Nous avons de l'empathie (à juste titre) pour les personnes âgées, les soignants, les enseignants ainsi que les secteurs de l'horeca et de l'événementiel parce qu'ils sont confrontés à d'énormes difficultés et que leur bien-être est menacé. Mais quid des étudiants ? Nous les ignorons, parce qu'ils n'ont pas à se plaindre, au final. Mais qui sommes-nous pour en juger ? On parle sans cesse des dangers et des conséquences de la solitude, mais avoir de l'empathie pour les étudiants en mal social, ce serait aller trop loin.
Or il s'agit justement d'un groupe cible particulièrement vulnérable. Le lien social est un besoin de base, surtout pour les jeunes. Les études sont une période où l'on se construit un réseau pour toute la vie. On n'est pas encore sûr de soi, on découvre des choses, on cherche des repères et on essaye de répondre aux attentes de tous ceux qui nous entourent. On vit dans un monde complexe, où être « flexible » est une compétence fondamentale. Alors que tout le monde sait que le changement s'accompagne toujours d'une résistance et d'une peur de l'inconnu.

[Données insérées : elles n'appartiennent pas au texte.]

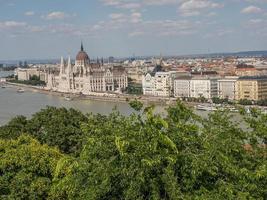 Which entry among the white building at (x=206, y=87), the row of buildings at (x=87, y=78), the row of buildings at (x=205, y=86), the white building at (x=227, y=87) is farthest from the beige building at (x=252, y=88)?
the row of buildings at (x=87, y=78)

Qu'avons-nous constaté ces dernières semaines chez 95 % de nos étudiants koteurs? Que cette crise ne les laisse pas de marbre, au contraire. Elle les préoccupe et ils comprennent très bien pourquoi les autorités prennent des mesures. Ne les sous-estimez pas. Les étudiants se posent énormément de questions sur la crise du coronavirus et sont décontenancés par des mesures qui changent sans cesse. Ils se reprennent les uns et les autres et expriment leur inquiétude s'ils pensent que quelqu'un met la sécurité des autres en danger. Certains ne ferment pas l'œil de la nuit, trop préoccupés par leurs études, et cherchent l'approbation pour tout ce qu'ils font. Ils se font tester au moindre symptôme, et s'ils sont positifs, ils suivent spontanément le protocole en vigueur en cas de contamination. Ils se montrent également transparents et compréhensifs les uns envers les autres. Mieux : la solidarité et la prévenance dont les étudiants font preuve est touchante. Mais il y en a aussi parmi eux qui lancent des cris de détresse. De véritables appels au secours. Nous ne pouvons pas les ignorer.

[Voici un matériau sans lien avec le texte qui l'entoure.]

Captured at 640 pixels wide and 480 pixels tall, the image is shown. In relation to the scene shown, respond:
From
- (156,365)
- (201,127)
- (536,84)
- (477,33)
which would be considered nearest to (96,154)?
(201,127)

Je parie qu'il y a des gens qui, à ce stade, sont prêts à prendre la plume pour raconter les expériences négatives qu'ils ont vécues avec des étudiants. Parce que oui, cela arrive. Et non, ça n'est pas acceptable. Pas du tout, même. Mais je crois en une part d'ignorance et d'innocence chez les jeunes. Parce qu'ils n'en sont qu'au début de leur vie d'adulte et ont encore beaucoup à apprendre. Je ne dis pas cela pour minimiser ou justifier leur comportement.

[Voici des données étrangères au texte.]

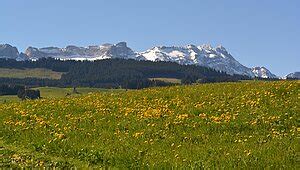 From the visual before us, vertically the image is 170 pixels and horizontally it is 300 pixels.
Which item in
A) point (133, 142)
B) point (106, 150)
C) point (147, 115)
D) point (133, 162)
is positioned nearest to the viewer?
point (133, 162)

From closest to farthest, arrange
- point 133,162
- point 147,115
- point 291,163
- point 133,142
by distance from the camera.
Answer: point 291,163
point 133,162
point 133,142
point 147,115

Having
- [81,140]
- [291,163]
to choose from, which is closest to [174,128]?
[81,140]

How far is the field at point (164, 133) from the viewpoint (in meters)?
14.4

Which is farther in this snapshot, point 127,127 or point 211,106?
point 211,106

Mais je voudrais appeler à un peu d'indulgence. Accompagnons-les dans leur parcours de citoyen et reconnaissons leurs difficultés. Comment pouvons-nous mieux les toucher ? Donnons-leur peut-être la parole dans les débats télévisés ou les émissions d'actualité. Ils auront ainsi au moins l'occasion d'expliquer l'impact du covid19 sur leur quotidien. Nous pourrons ensuite entamer un dialogue et sensibiliser davantage au problème en adoptant une approche positive. Pour toutes les générations. Ce serait un bel exercice de mise en pratique de notre devise #ensemblecontrelecorona.